INFORMATION SUPPLIED Start Marker

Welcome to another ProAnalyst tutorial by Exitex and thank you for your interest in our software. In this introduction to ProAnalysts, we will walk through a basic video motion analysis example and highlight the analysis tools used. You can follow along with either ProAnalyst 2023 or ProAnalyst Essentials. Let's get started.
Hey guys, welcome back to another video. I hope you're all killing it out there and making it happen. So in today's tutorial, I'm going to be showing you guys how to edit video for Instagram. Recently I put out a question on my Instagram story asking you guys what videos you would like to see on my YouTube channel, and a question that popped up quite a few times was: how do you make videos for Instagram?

INFORMATION SUPPLIED End Marker
INFORMATION SUPPLIED Start Marker

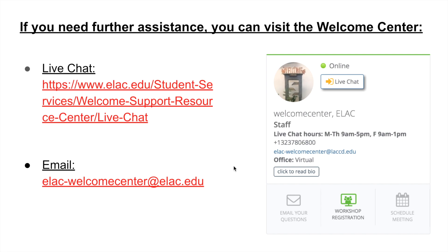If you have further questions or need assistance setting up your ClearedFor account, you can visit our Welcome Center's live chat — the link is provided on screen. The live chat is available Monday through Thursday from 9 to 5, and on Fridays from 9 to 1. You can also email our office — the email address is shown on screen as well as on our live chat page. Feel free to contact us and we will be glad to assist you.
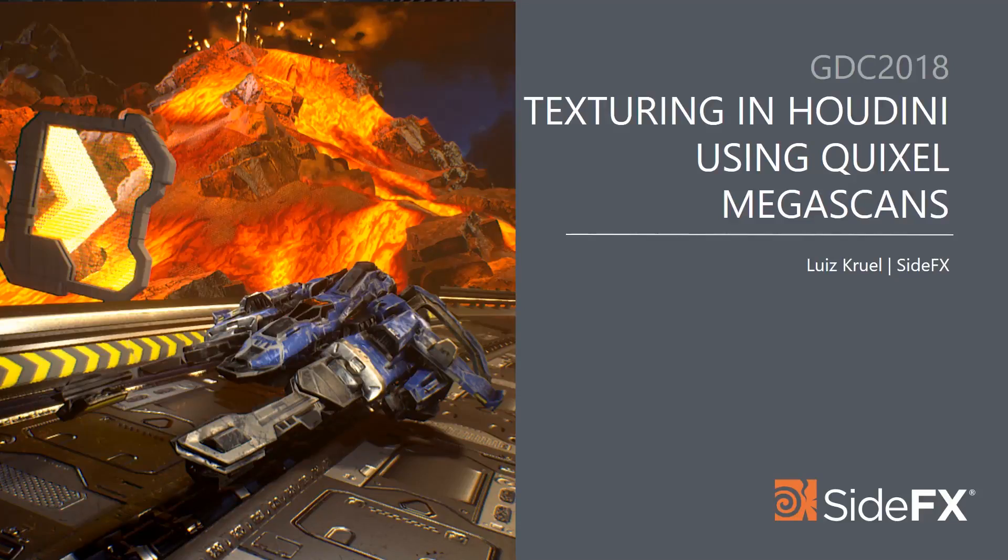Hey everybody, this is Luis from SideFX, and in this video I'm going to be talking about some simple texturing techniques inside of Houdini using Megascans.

INFORMATION SUPPLIED End Marker
INFORMATION SUPPLIED Start Marker

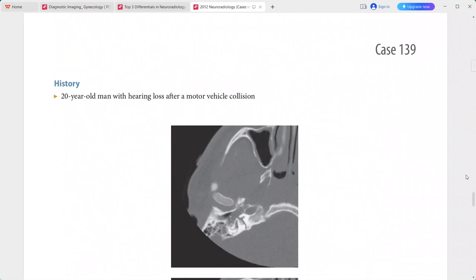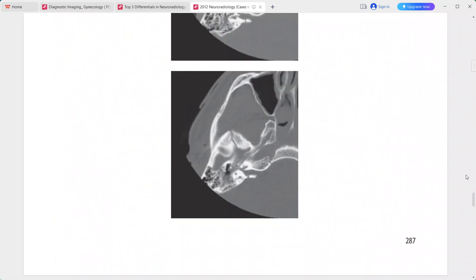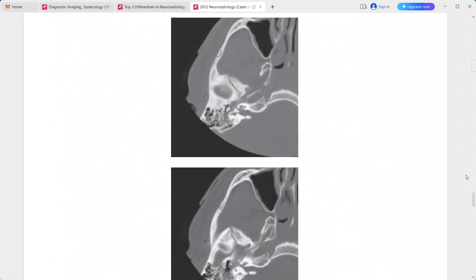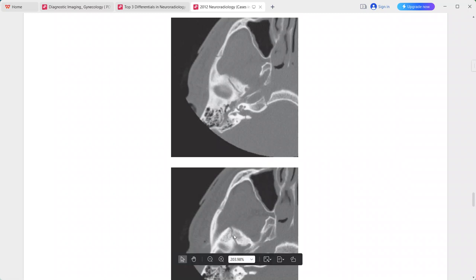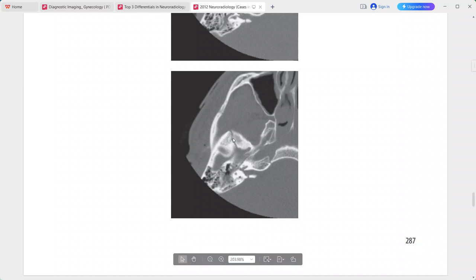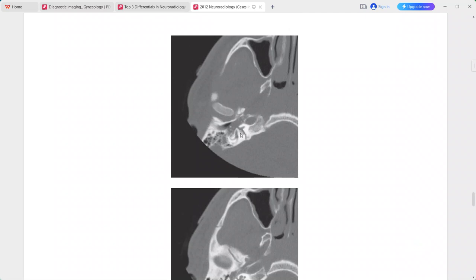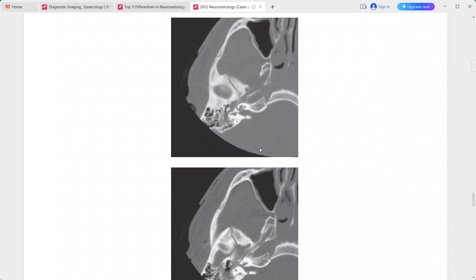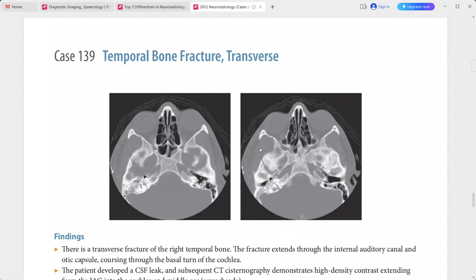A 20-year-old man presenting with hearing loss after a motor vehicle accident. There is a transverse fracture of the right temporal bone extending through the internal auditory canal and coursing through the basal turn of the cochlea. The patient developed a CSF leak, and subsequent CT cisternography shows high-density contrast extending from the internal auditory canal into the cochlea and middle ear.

INFORMATION SUPPLIED End Marker

WHAT THE EXERCISE ASKS => Determine the number of lines in the preceding data that contain the word "tutorial". Reply with that number only.

RESPONSE BELOW => 2